Leave out the images and repeat the listing below without a single change.

* [Information provided]:

*** Block opens ***

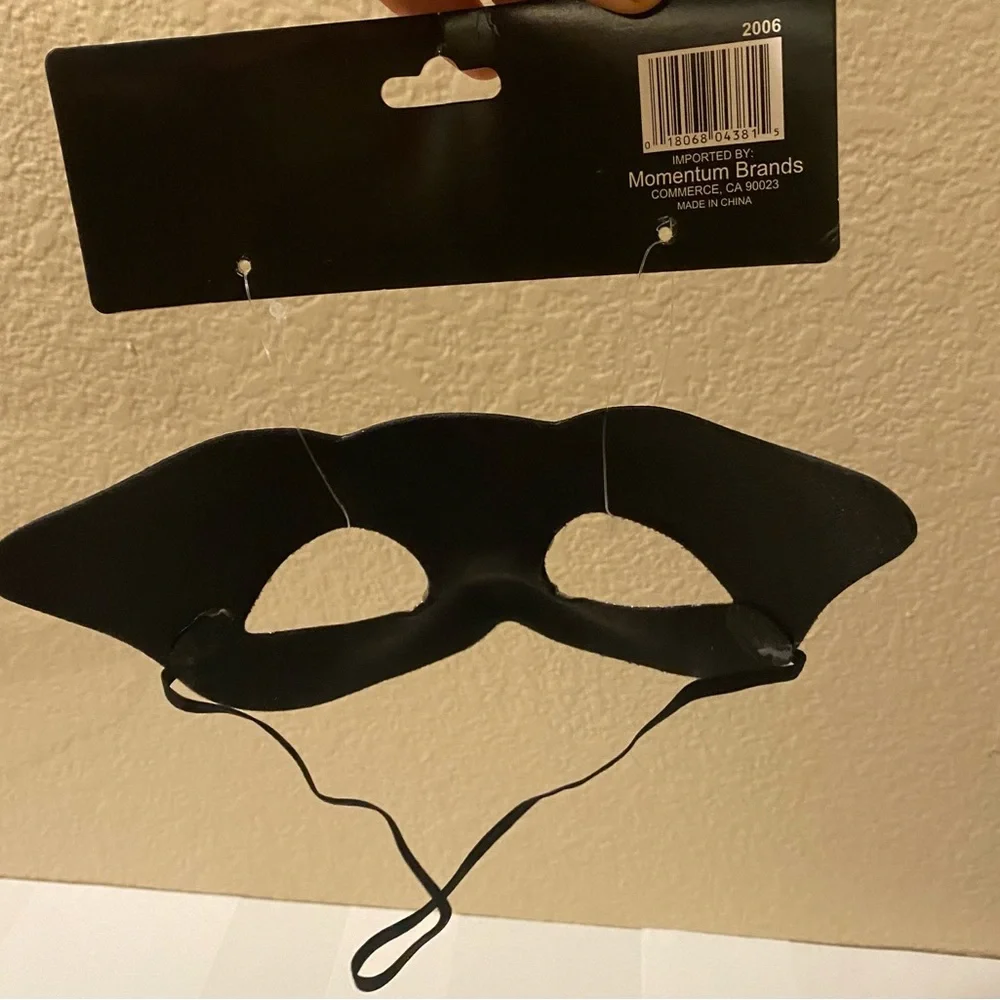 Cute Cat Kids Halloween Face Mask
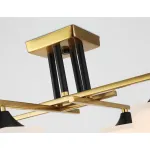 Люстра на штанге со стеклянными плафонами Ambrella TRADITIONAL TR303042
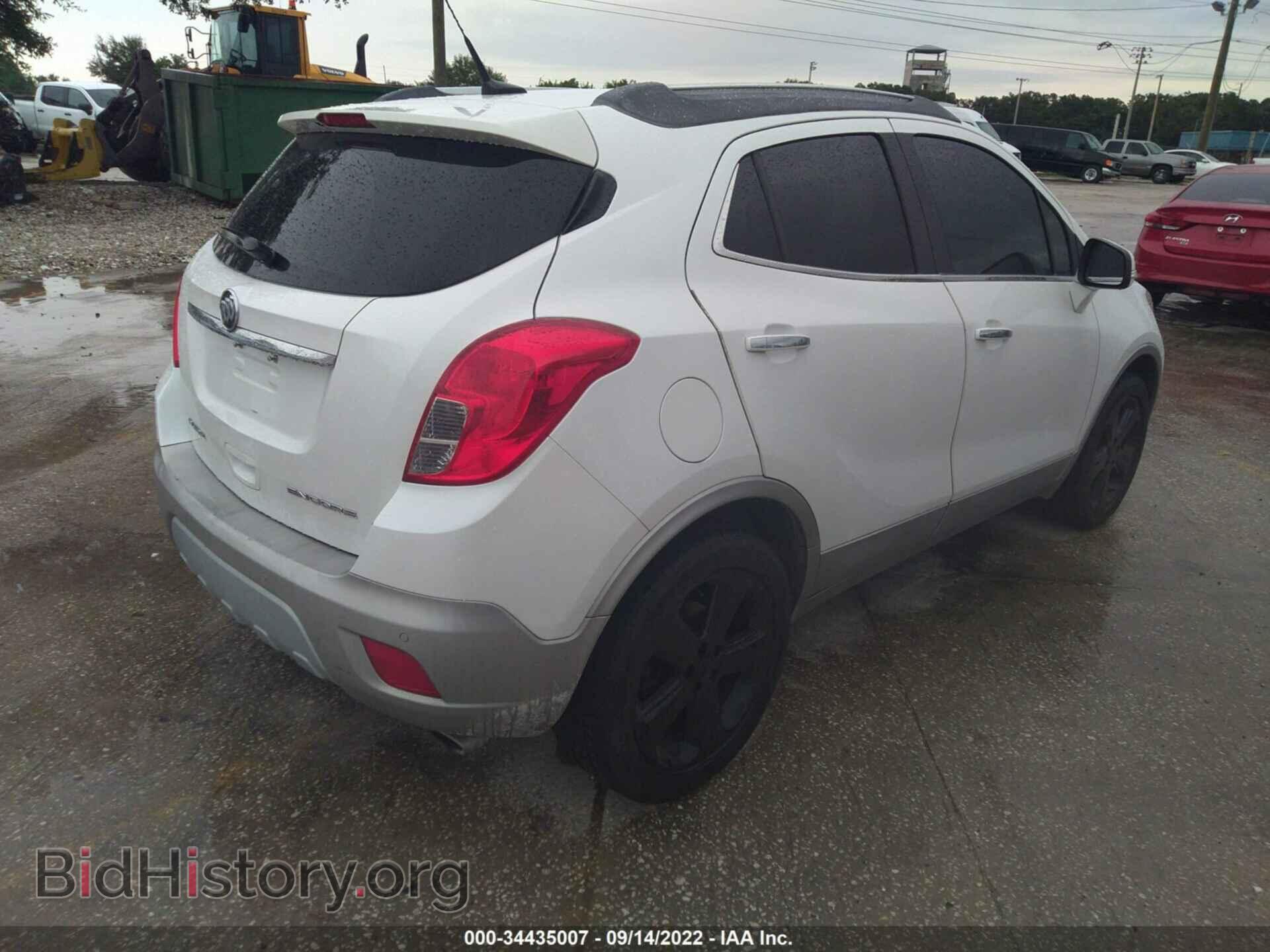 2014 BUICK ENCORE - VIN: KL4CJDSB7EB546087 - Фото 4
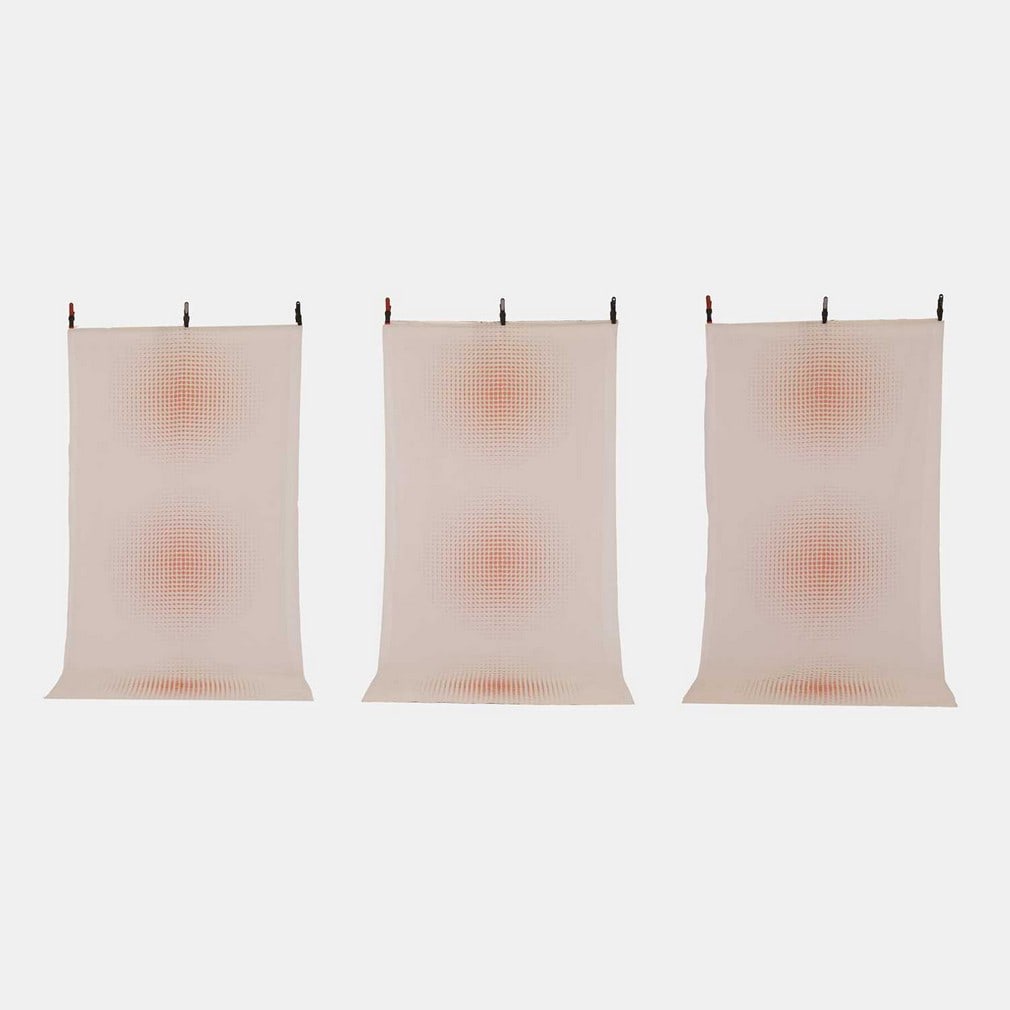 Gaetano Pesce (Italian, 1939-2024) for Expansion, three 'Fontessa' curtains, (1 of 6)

*** Block closes ***

* [Result]:
 Cute Cat Kids Halloween Face Mask
 Люстра на штанге со стеклянными плафонами Ambrella TRADITIONAL TR303042
 2014 BUICK ENCORE - VIN: KL4CJDSB7EB546087 - Фото 4
 Gaetano Pesce (Italian, 1939-2024) for Expansion, three 'Fontessa' curtains, (1 of 6)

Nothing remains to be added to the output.